This is a kokedama, a hanging plant in a soil ball covered with moss.
Learn the technique
at a July 14 workshop. (Photo courtesy The Secret Garden)

The Secret Garden hosts summer workshops including kokedama, terrariums

Learning a new skill is fun. Combine that with gardening and you can count on more enjoyment to come.

The Secret Garden in Elk Grove offers a summer full of workshops for both beginning and experienced gardeners. Mindful of the summer heat, these workshops will focus on indoor gardening fun.

* Thursday, June 27, learn how to create a closed terrarium. This course ($45) includes an 8-inch-tall glass container with lid, rocks, soil and plants. Crystals, geodes and miniature accessories will be available at a discount. Take home your planted terrarium along with the skills to create more.

This 6 p.m. workshop is part of Secret Garden’s “Thirsty Thursday” series. Bring the beverage of your choice (including wine, cider, beer or non-alcoholic refreshment) for personal consumption. Light appetizers will be served.

* Next in the Thirsty Thursday series will be houseplant propagation. Set for 6 p.m. Thursday, July 18, that class ($35) will cover the basics of how to create more plants via cuttings. Learn how and when to make cuttings, keys to success as well as common mistakes. Participants will make their own hanging rooter as well as receive two cuttings to take home.

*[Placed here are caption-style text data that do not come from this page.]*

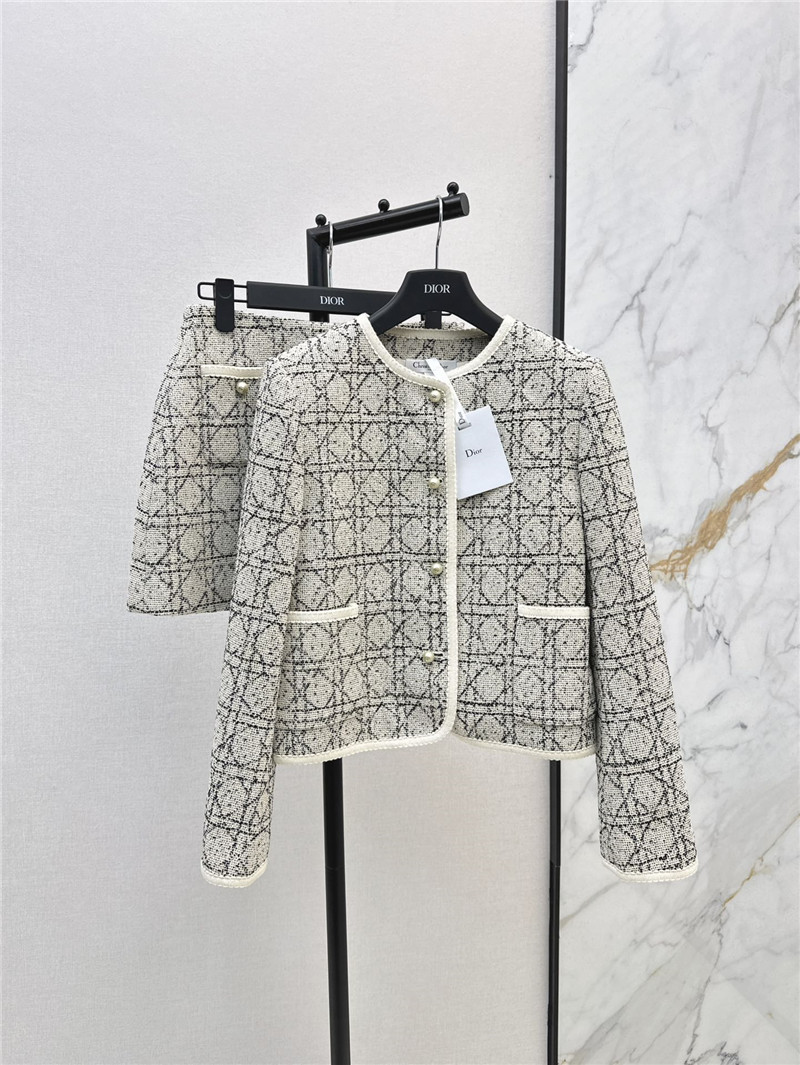 D10r rattan check suit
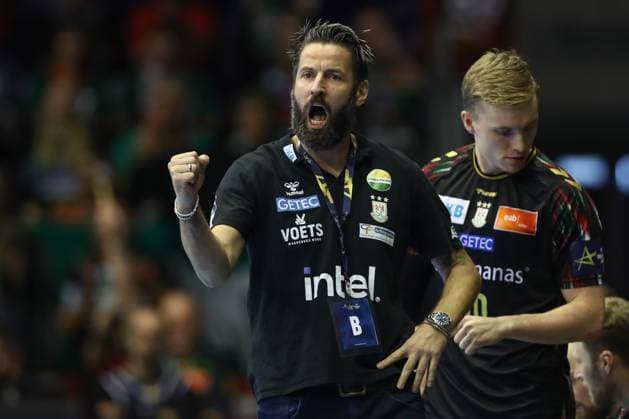 12.11.2025, xtgx, Handball, EHF Champions League, SC Magdeburg - HC Zagreb v.l. Bennet Wiegert (Magdeburg, Trainer) Jubel, Torjubel, jubelt ueber das Tor, celebrate the goal, celebration Magdeubrg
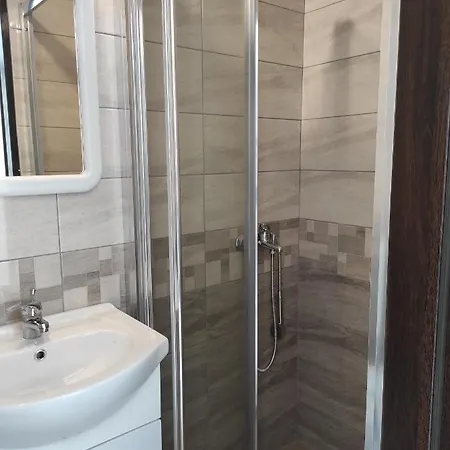 Apartment Garsoniera Cocheta Zona Coresi Mall *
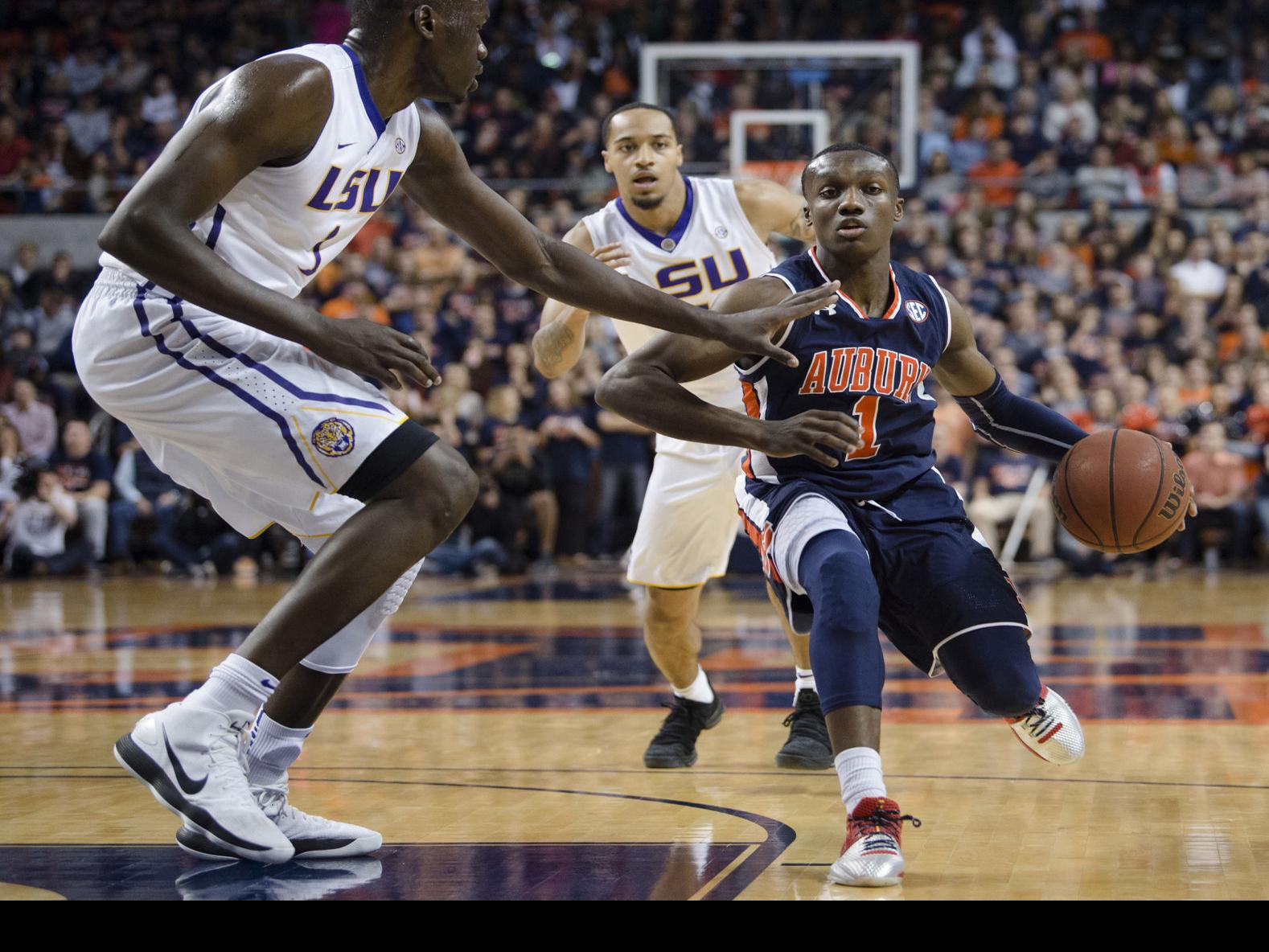 They Just Tore Us Apart Auburn S Long Range Shots Shut Lsu Out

* Not into planting? How about painting? Local muralist Macy Martinez, whose work is seen by thousands each summer at Music Circus productions, will lead a class in how to paint succulents. Participants will learn her techniques for capturing these sculptured plants on canvas as well as tips for creating outdoor garden art. Each attendee will paint their own 12-inch all-weather artpiece to take home. This course ($59) is set for 10:30 a.m. Saturday, July 13. Fee includes all materials plus coffee, tea and doughnuts.

* Learn the secrets of kokedama, the Japanese technique of hanging (and living) arrangements. In kokedama, a soil ball covered with moss hangs from a string and is planted with ornamental or tropical plants such as ferns. This unusual method for hanging plants is popular in Japanese gardens and catching on rapidly with California gardeners, too. Set for 10 a.m. Sunday, July 14, this two-hour workshop ($45) includes the makings for two kokedama gardens including plants, soil, moss and string. Prepare to get messy! (It’s not as easy as it looks to get that soil ball on a string and covered with moss.)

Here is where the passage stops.